━━━ Dataset ━━━
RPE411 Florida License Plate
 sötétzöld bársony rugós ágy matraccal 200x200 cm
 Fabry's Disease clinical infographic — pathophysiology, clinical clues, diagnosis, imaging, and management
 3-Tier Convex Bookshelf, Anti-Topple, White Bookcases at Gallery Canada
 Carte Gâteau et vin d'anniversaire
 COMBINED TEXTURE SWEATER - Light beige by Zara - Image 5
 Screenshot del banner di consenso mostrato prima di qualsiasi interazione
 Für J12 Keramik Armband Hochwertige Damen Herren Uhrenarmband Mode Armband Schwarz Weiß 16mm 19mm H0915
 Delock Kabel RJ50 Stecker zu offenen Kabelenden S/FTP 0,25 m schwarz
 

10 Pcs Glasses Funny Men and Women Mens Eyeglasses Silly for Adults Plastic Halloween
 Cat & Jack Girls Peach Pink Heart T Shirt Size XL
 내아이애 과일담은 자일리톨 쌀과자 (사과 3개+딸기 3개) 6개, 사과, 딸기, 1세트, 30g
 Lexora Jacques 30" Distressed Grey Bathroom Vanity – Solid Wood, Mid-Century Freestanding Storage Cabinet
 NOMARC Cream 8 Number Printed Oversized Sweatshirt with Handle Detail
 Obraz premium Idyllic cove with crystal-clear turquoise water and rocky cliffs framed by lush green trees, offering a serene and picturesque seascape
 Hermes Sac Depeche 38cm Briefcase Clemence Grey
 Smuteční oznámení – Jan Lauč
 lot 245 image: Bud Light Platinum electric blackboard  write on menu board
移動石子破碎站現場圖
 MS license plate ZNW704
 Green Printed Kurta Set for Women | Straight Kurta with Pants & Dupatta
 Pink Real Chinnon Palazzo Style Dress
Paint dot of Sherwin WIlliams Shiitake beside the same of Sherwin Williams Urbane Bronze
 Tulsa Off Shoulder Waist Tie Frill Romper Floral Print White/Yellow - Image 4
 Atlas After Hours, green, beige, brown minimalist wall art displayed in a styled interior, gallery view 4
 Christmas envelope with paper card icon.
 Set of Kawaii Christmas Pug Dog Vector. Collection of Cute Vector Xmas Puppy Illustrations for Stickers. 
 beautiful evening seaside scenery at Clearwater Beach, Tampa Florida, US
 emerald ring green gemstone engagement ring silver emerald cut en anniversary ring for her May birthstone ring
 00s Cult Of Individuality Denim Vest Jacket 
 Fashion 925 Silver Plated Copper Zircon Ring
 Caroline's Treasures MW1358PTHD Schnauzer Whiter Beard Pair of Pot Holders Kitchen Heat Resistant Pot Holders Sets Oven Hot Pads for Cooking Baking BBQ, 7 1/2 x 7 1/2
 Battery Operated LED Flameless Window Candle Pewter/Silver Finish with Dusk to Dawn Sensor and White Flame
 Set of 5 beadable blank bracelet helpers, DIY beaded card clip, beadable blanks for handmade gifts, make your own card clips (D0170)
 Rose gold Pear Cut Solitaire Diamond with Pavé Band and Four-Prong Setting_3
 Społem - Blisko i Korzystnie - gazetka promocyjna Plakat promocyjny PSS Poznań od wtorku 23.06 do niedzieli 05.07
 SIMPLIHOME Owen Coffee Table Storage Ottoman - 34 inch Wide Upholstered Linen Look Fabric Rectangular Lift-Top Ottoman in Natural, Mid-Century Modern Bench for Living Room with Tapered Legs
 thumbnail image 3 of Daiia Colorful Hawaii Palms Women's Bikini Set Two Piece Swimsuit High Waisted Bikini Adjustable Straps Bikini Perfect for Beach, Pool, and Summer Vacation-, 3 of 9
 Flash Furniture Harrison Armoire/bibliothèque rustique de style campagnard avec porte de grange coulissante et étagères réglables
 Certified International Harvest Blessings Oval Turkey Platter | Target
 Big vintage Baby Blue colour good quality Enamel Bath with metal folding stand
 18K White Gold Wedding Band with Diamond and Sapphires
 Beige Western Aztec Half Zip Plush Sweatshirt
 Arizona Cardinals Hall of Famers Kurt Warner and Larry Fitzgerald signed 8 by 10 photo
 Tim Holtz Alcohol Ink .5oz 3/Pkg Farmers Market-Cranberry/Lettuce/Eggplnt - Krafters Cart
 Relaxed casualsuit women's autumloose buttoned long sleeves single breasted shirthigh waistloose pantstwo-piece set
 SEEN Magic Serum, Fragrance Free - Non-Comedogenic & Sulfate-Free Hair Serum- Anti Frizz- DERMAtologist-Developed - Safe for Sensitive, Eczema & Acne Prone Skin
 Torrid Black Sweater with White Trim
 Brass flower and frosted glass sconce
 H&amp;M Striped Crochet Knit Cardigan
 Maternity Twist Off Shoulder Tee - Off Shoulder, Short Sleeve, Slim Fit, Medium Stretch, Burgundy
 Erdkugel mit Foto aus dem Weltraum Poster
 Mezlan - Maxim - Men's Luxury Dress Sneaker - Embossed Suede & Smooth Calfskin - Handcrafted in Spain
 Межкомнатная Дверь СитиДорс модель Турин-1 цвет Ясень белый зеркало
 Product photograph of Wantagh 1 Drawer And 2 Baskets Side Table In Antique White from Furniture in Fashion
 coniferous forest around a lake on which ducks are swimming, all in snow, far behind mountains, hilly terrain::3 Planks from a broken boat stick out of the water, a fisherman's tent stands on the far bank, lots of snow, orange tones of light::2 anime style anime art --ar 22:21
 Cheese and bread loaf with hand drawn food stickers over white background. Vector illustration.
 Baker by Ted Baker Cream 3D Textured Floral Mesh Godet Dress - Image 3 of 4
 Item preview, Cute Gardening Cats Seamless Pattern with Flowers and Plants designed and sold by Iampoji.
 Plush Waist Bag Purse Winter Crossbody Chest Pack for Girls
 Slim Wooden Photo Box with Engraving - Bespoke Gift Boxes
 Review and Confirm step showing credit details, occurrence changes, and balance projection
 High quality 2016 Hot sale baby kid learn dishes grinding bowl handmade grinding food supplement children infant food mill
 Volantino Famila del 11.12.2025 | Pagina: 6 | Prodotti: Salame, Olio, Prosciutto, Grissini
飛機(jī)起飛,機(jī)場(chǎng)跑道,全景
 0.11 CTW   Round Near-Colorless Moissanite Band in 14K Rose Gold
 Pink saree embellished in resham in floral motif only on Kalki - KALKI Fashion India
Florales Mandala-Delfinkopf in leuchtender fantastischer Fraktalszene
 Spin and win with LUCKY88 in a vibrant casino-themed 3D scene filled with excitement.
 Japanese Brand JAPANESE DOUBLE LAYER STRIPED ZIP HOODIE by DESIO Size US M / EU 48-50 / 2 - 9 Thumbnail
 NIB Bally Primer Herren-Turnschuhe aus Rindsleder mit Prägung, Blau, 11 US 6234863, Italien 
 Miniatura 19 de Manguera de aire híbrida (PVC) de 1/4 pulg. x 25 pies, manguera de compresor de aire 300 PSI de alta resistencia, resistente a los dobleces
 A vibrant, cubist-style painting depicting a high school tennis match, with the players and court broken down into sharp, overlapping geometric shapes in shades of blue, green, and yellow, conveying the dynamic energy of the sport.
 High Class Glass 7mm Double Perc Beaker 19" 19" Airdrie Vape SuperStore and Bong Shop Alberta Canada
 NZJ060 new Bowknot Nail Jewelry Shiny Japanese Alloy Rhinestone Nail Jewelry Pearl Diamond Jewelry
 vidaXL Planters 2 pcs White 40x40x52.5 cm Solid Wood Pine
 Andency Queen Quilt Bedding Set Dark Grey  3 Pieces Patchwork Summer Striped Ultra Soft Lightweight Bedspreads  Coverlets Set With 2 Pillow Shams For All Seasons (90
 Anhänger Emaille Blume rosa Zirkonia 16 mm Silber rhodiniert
━━━
Could you set down, word for word, only the lines above from the line with "Caroline's Treasures MW1358PTHD" to the line with "Społem - Blisko", including both?

- _Response_:
 Caroline's Treasures MW1358PTHD Schnauzer Whiter Beard Pair of Pot Holders Kitchen Heat Resistant Pot Holders Sets Oven Hot Pads for Cooking Baking BBQ, 7 1/2 x 7 1/2
 Battery Operated LED Flameless Window Candle Pewter/Silver Finish with Dusk to Dawn Sensor and White Flame
 Set of 5 beadable blank bracelet helpers, DIY beaded card clip, beadable blanks for handmade gifts, make your own card clips (D0170)
 Rose gold Pear Cut Solitaire Diamond with Pavé Band and Four-Prong Setting_3
 Społem - Blisko i Korzystnie - gazetka promocyjna Plakat promocyjny PSS Poznań od wtorku 23.06 do niedzieli 05.07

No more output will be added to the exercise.